→ **PROBLEM DESCRIPTION**
Transcribe the listing word for word, beginning at its first line and ending at the line containing "Blahopřání *Barevno*"; omit the pictures.

→ **DATASET EXTRACT**
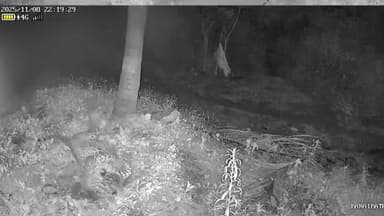 ஆனைமலை: குப்புச்சிபுதூர் மேட்டுப்பதி அருகே கூண்டில் சிக்காமல் வனத்துறையினருக்கு போக்கு காட்டி வரும் சிறுத்தை சிசிடிவி காட்சி வெளியீடு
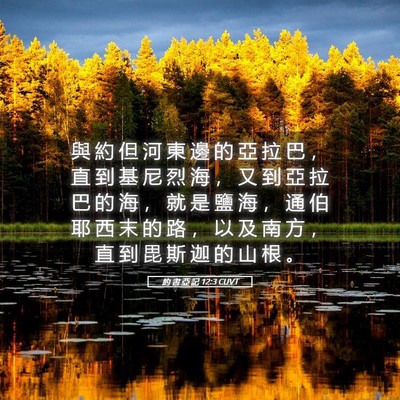Picture 05 - 約 書 亞 記 12:3 CUVT - 與 約 但 河 東 邊 的 亞 拉 巴 ， 直 - Bible Verse Picture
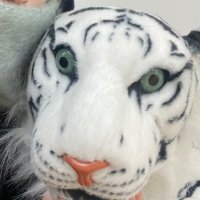 🐯👼🏻💫 (@yobinotiger_tj) 's Twitter Profile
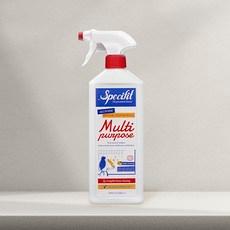 스페시핏 올인원 다목적 세정제 750ml 주방 욕실 청소, 750ml, 1개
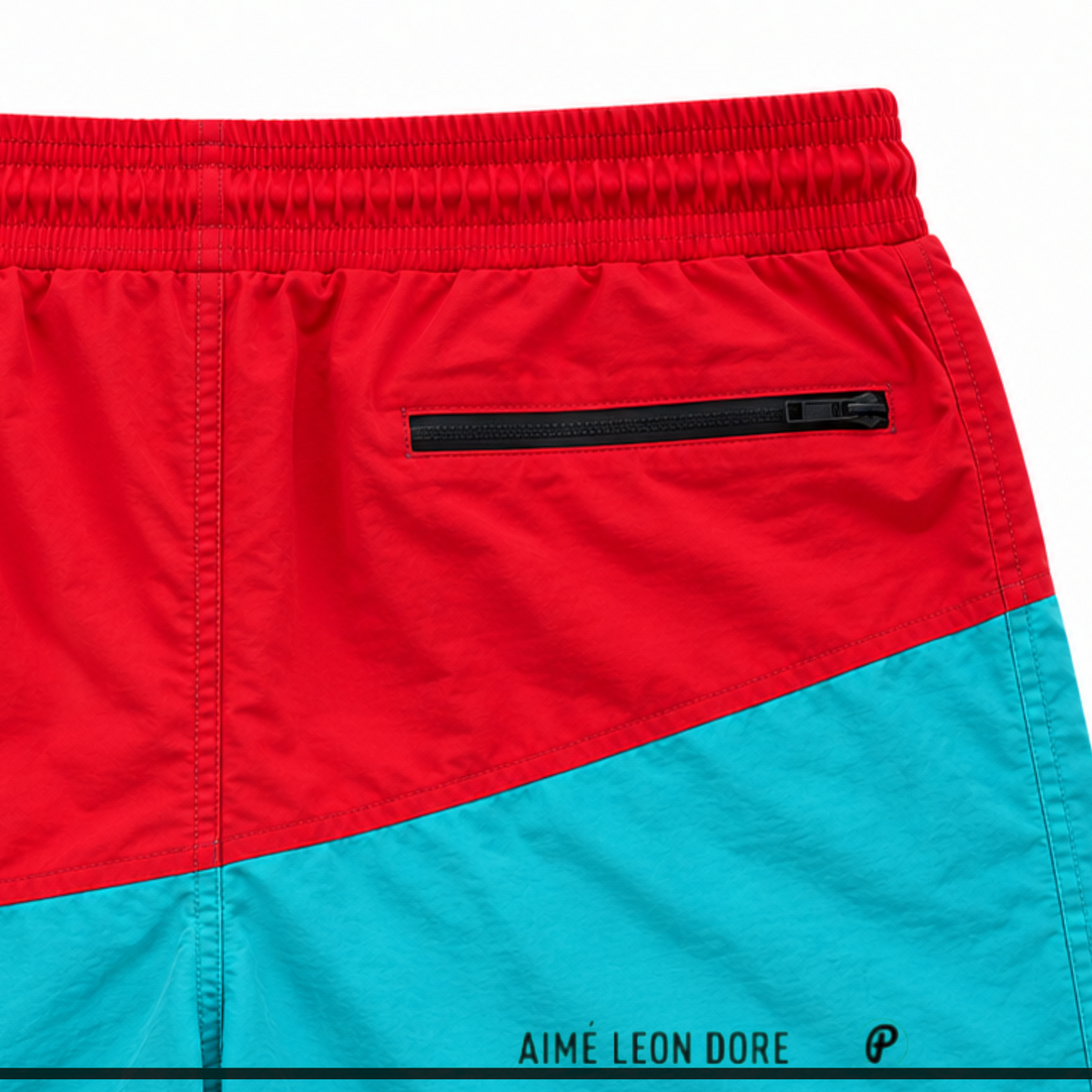 Aime Leon Dore Colorblocked Hiking Short 2019 (USED)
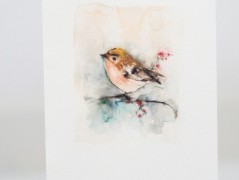 Blahopřání *Barevno*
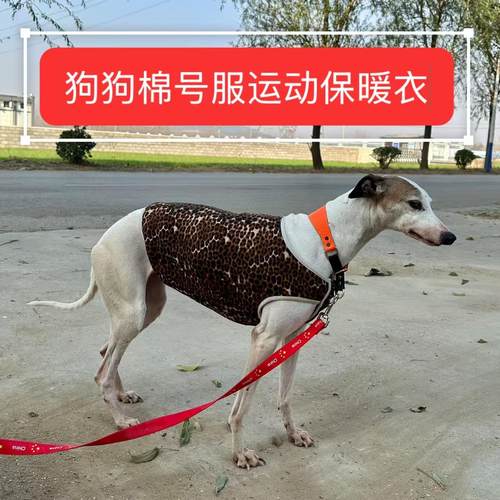 狗衣服冬季保暖惠比特衣服加绒加厚冬季保暖狗棉服格力犬细狗马甲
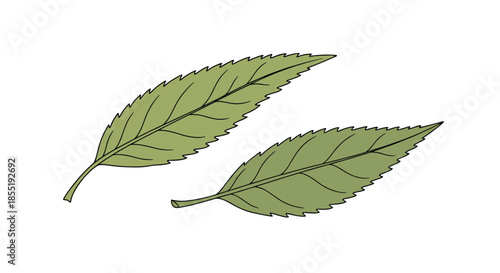 Simple illustration of two green serrated leaves with fine details and veins on a plain white background for botanical studies.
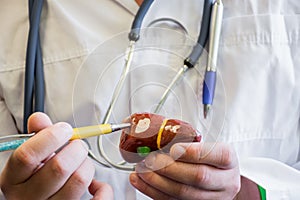 Doctor in white medical lab coat points ballpoint pen on anatomical model of human or mammal liver. Concept photo for use for stud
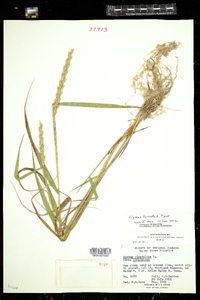 Image of Elymus submuticus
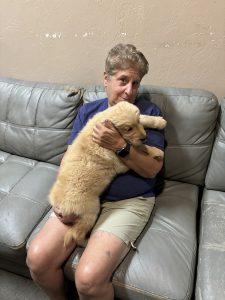 Person cuddling a fluffy golden retriever puppy on couch.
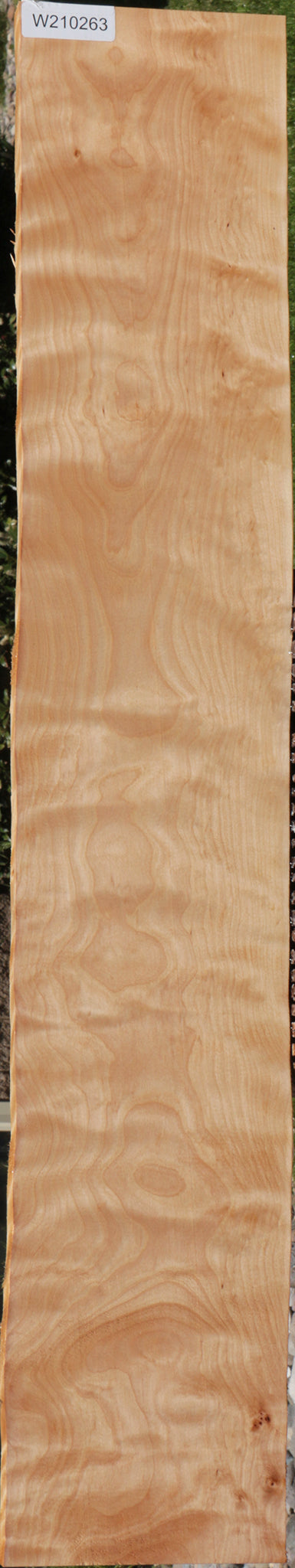 Extra Fancy Curly Birch Lumber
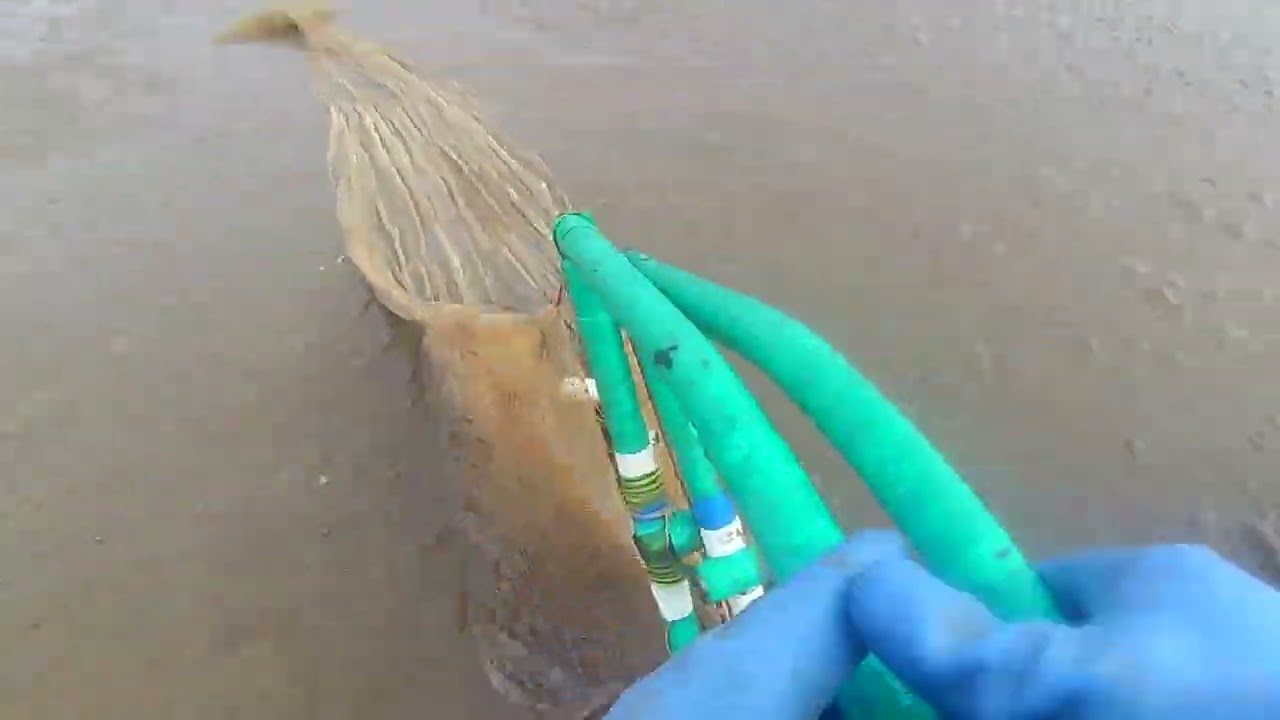 2-2, 2ND HAUL OF THE BEAM NET. #shrimps # BIG SHRIMPS #subscribe #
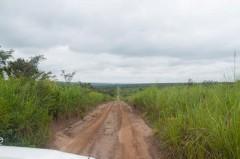 De la source d'Ibi au Puit de Carbone La piste devant nous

→ **YOUR RESPONSE**
 ஆனைமலை: குப்புச்சிபுதூர் மேட்டுப்பதி அருகே கூண்டில் சிக்காமல் வனத்துறையினருக்கு போக்கு காட்டி வரும் சிறுத்தை சிசிடிவி காட்சி வெளியீடு
Picture 05 - 約 書 亞 記 12:3 CUVT - 與 約 但 河 東 邊 的 亞 拉 巴 ， 直 - Bible Verse Picture
 🐯👼🏻💫 (@yobinotiger_tj) 's Twitter Profile
 스페시핏 올인원 다목적 세정제 750ml 주방 욕실 청소, 750ml, 1개
 Aime Leon Dore Colorblocked Hiking Short 2019 (USED)
 Blahopřání *Barevno*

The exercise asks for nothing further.